水を打ったように静まり返る玄関で、蒼依は小さくため息をつきながら靴を脱いだ。
自分の部屋へと上がり、クローゼットの中から次々と私服を放り出す。
動き易さを重視して選んだ服に着替え、小さな斜め掛け鞄に必要最低限の物を詰め込んだ。隼人から受け取った拳銃は、すぐに出せるように鞄のポケットに入れておく。

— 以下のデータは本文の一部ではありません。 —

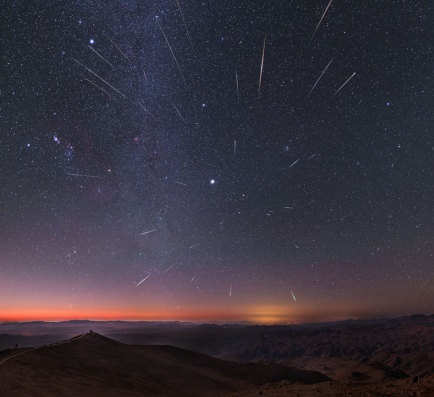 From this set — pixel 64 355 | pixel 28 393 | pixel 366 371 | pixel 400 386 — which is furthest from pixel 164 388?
pixel 366 371

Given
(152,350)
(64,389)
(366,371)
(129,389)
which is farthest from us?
(366,371)

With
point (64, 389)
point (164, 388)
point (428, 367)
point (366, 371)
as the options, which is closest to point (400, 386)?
point (64, 389)

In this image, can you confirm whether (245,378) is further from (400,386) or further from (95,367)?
(400,386)

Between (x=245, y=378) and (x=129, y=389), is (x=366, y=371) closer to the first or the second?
(x=245, y=378)

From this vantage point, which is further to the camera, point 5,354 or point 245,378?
point 245,378

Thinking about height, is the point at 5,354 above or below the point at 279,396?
above

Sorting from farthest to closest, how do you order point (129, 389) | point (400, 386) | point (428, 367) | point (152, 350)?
point (428, 367)
point (152, 350)
point (129, 389)
point (400, 386) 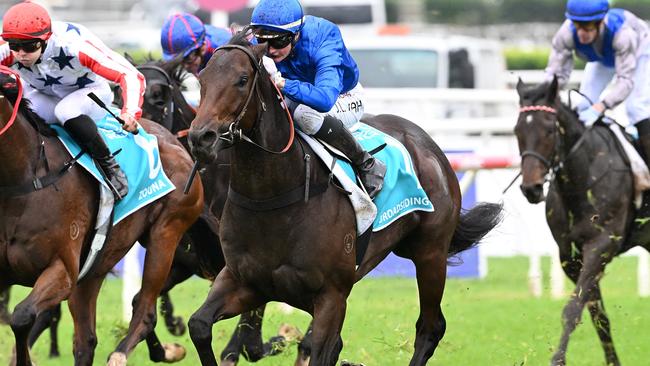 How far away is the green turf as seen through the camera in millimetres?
7617

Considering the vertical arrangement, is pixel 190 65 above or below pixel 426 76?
above

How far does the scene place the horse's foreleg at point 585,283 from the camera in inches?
263

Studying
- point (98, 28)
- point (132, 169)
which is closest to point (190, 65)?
point (132, 169)

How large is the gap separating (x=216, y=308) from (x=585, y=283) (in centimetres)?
262

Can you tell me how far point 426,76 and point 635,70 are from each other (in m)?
8.09

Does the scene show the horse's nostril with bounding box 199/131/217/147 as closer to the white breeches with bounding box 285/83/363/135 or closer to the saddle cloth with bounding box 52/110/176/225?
the white breeches with bounding box 285/83/363/135

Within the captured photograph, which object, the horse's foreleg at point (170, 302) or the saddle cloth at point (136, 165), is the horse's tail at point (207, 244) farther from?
the saddle cloth at point (136, 165)

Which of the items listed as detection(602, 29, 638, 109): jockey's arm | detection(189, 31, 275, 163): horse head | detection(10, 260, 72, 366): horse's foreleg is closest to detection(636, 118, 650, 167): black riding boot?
detection(602, 29, 638, 109): jockey's arm

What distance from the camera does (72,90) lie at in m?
6.22

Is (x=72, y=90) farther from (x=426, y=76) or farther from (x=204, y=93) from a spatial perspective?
(x=426, y=76)

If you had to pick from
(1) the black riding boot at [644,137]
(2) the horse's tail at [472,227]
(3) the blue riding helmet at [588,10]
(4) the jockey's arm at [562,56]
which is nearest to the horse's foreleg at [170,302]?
(2) the horse's tail at [472,227]

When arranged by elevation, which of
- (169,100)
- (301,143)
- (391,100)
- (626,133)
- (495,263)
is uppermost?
(301,143)

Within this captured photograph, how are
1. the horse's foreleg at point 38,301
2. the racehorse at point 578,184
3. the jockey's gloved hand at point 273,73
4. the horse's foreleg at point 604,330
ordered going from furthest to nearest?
the racehorse at point 578,184, the horse's foreleg at point 604,330, the horse's foreleg at point 38,301, the jockey's gloved hand at point 273,73

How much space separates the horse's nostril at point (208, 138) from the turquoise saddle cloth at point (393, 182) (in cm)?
135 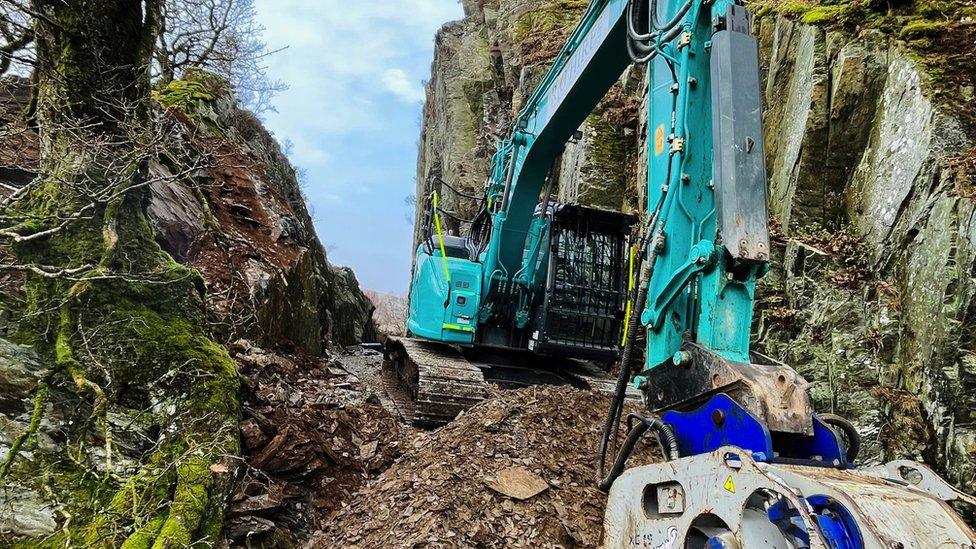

蒼依は一通りの準備を済ませると、急ぎ足で玄関に戻って来た。あまり手間取っていると隼人が怒り出すからだ。
靴を履こうとしゃがみ込んだとき、ふと靴棚の上にある写真立てが目に入った。
「お父さん……」
こちらの世界の父も、相変わらずの笑顔で写真の中に収まっている。
その写真をしばらく見つめていた蒼依は、勢いよく顔を上げ、履きかけていた靴を脱ぎ捨ててリビングに戻った。
蒼依はリビング内を見回し、ようやく目当てのものを見つけた。本棚の上に立て掛けられていた写真だ。
その写真は、蒼依の中学入学式の時に撮ったものだった。この頃はまだ生きていた父の雅則と母の遥香、そしてその二人に挟まれて晴れ晴れしい顔をした蒼依が写っている。全員が……幸せそうに笑っていた。
蒼依は目を潤ませながらその写真を見下ろした後、写真立てから外して大切そうに鞄の中にしまった。
――諦めてたまるもんか。絶対……絶対帰るんだ。
蒼依は心の中で誓いを立てると、乱暴に目を拭って玄関へと駆け出した。
「遅い!」
蒼依の家の前の塀にもたれて腕組みをしていた隼人が、蒼依を睨みながら唸った。
蒼依はそんな隼人をじっと見つめ、発見したように言った。
「桐生って、かなりせっかちな性格なんだね。もっと心に余裕持たなきゃ早死にしちゃうよ?」
「大きなお世話だ」
隼人がそう呟いたとき、蒼依の家の裏にある公園から金属が軋むような音が聞こえた。
蒼依と隼人が訝しげに顔を見合わせ、その音がする方へと近付く。
キィー……キィー……キィー……
定期的に聞こえるその音は、蒼依達が近づくにつれて大きく響いてくる。
蒼依と隼人が物影に隠れながら公園の中を覗くと……ブランコを漕いでいる七、八歳ほどの少女が見えた。